= RECORDS FOR THIS EXERCISE =
+--

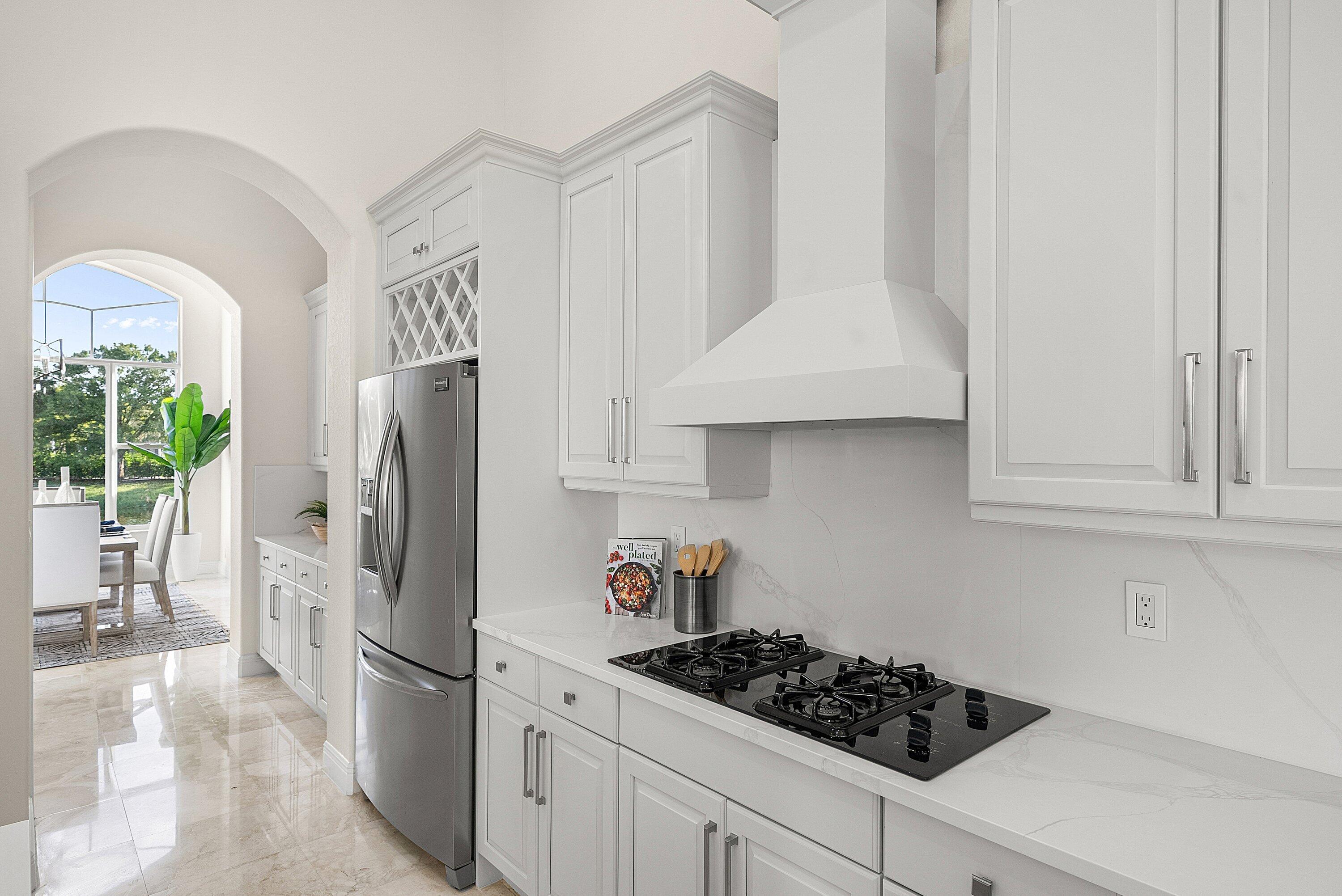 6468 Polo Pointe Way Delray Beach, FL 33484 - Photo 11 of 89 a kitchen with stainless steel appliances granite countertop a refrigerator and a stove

+--

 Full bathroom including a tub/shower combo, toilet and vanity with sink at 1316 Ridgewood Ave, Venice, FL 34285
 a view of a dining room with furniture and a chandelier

+--

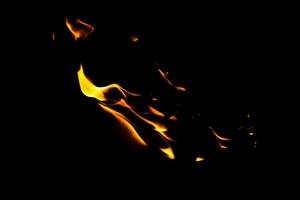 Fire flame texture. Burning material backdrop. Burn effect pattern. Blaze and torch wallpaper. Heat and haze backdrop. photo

+--

From the line holding "Full bathroom including" to the line holding "a view of a", inclusive, restate each line above exactly as written.

= RESULT BELOW =
 Full bathroom including a tub/shower combo, toilet and vanity with sink at 1316 Ridgewood Ave, Venice, FL 34285
 a view of a dining room with furniture and a chandelier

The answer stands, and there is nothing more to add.